JERSEY CITY, NJ – Devendra Shukla, 43, priest at the Hindu Samaj Temple of Mahwah, New Jersey, where he lives too, drove down with his six-year-old daughter, to the shopping center on Route 17 in Ramsey, on the evening of April 3, 2019.

Shukla had just pulled into the parking area of the TD Bank on the premises, around 7:30 p.m., and was still in the car, when a Caucasian man, now identified as Nicholas Dow, 30, and who lives adjacent to the temple, in Mahwah, walked over to Shukla’s side of the car.

What transpired next has now led to outrage, anger, and activism in the local Indian community, to punish the culprit to the maximum extent of the law.
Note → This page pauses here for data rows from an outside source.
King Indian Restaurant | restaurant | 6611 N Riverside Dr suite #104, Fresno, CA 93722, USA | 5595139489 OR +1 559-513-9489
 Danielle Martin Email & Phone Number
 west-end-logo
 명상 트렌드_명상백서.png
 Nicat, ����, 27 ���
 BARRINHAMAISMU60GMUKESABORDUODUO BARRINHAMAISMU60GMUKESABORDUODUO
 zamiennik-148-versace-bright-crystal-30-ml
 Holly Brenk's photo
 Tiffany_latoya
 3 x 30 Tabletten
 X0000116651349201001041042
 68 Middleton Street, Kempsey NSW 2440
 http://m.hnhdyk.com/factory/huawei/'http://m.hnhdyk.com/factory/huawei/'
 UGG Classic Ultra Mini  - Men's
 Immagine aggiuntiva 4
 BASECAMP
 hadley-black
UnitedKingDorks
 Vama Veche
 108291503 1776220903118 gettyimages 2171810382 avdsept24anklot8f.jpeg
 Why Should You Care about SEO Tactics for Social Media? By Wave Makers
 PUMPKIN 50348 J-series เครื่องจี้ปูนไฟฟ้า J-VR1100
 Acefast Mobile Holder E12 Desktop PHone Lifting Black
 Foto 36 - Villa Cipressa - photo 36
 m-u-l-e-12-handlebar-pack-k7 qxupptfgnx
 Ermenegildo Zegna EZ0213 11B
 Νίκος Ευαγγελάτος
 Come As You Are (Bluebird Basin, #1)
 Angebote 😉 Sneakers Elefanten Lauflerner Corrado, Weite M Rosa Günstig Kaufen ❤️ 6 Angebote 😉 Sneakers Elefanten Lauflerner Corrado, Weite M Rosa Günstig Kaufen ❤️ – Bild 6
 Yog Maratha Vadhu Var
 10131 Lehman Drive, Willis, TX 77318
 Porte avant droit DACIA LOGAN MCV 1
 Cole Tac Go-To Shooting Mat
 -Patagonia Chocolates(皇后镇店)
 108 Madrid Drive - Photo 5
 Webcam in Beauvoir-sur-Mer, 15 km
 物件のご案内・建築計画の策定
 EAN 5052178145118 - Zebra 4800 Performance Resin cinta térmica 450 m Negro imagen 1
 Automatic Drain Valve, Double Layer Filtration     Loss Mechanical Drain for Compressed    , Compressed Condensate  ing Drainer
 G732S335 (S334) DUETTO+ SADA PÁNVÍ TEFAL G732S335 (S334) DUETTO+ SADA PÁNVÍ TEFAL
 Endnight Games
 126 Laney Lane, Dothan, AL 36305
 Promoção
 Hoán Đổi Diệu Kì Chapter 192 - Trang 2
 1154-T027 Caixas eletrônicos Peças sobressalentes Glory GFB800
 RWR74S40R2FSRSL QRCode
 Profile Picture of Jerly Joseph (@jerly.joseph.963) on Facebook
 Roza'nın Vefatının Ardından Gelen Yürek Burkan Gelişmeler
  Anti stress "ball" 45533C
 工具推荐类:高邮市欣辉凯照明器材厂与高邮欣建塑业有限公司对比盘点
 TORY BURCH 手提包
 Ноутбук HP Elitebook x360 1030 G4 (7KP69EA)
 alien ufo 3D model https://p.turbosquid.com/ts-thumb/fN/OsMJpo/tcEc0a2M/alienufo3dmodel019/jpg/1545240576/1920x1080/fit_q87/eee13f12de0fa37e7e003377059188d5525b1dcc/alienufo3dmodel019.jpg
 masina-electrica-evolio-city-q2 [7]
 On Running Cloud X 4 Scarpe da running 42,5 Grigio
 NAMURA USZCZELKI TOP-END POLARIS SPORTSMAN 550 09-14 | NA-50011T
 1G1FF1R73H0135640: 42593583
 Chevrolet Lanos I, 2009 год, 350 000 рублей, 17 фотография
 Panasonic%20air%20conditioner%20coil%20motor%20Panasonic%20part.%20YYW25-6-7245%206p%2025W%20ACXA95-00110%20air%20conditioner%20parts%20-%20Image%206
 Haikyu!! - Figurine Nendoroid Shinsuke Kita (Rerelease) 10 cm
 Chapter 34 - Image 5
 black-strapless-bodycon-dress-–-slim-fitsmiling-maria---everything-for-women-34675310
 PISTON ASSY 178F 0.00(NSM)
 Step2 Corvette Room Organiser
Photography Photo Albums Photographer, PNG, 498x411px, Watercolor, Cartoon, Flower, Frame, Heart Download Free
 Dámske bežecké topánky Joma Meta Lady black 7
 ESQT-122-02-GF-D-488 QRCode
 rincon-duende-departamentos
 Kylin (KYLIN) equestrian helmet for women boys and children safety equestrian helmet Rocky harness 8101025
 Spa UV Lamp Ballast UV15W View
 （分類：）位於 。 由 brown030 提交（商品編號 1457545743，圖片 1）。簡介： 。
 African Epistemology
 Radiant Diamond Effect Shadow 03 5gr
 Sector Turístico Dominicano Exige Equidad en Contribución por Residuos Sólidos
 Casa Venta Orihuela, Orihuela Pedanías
Shukla alleged in a police report filed later that Dow came over to the driver’s side of his car, and after screaming racial obscenities, including ‘dirty Indian’, without any provocation punched him in the face, causing injuries and bleeding. Shukla’s daughter, sitting in the back of the car, started to scream. She is still traumatized by the attack on her father.

Dow then got back into his car and drove away, but not before Shukla had the presence of mind to stumble out of his car, take photographs of the speeding car, and its registration number, which helped police to apprehend the culprit the next day. Dow was booked into the Bergen County Jail.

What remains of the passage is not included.